→ Your task: Only the lines from the top of the data through the line with "Pre Owned Burberry" should be repeated, each exactly as written.

→ Data for analysis:
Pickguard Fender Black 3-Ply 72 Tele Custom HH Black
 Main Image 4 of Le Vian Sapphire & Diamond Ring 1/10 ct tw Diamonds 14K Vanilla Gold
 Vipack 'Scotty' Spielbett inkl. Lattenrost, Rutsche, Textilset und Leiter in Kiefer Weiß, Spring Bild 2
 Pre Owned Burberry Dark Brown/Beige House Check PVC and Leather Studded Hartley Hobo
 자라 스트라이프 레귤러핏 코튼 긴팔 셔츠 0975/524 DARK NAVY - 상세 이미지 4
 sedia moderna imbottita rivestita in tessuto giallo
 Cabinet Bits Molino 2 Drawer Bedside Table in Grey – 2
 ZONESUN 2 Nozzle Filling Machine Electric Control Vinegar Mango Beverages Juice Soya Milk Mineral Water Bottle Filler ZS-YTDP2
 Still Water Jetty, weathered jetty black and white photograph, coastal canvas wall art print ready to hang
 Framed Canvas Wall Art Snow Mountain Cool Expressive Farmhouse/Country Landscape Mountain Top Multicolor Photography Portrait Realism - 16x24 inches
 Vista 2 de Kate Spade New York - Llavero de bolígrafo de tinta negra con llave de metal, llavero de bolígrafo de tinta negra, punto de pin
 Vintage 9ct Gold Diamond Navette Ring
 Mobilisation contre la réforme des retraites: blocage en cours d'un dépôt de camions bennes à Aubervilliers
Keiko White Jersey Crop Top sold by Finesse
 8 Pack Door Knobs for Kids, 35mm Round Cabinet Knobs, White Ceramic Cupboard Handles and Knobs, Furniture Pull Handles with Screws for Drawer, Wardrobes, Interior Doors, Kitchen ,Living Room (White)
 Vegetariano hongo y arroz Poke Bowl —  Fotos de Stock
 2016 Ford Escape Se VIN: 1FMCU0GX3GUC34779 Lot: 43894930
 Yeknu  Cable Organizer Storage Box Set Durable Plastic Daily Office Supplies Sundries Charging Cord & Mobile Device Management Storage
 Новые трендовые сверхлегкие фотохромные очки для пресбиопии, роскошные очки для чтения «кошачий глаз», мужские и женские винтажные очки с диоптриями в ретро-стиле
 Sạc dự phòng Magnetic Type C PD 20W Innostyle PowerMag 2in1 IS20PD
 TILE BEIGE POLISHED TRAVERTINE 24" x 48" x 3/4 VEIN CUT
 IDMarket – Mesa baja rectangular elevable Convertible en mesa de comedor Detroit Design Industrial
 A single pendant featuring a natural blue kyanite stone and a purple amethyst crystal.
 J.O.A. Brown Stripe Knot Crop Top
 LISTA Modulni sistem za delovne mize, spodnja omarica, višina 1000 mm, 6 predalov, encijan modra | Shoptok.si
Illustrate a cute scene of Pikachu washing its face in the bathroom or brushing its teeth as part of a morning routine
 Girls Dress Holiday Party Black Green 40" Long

→ Completed task:
Pickguard Fender Black 3-Ply 72 Tele Custom HH Black
 Main Image 4 of Le Vian Sapphire & Diamond Ring 1/10 ct tw Diamonds 14K Vanilla Gold
 Vipack 'Scotty' Spielbett inkl. Lattenrost, Rutsche, Textilset und Leiter in Kiefer Weiß, Spring Bild 2
 Pre Owned Burberry Dark Brown/Beige House Check PVC and Leather Studded Hartley Hobo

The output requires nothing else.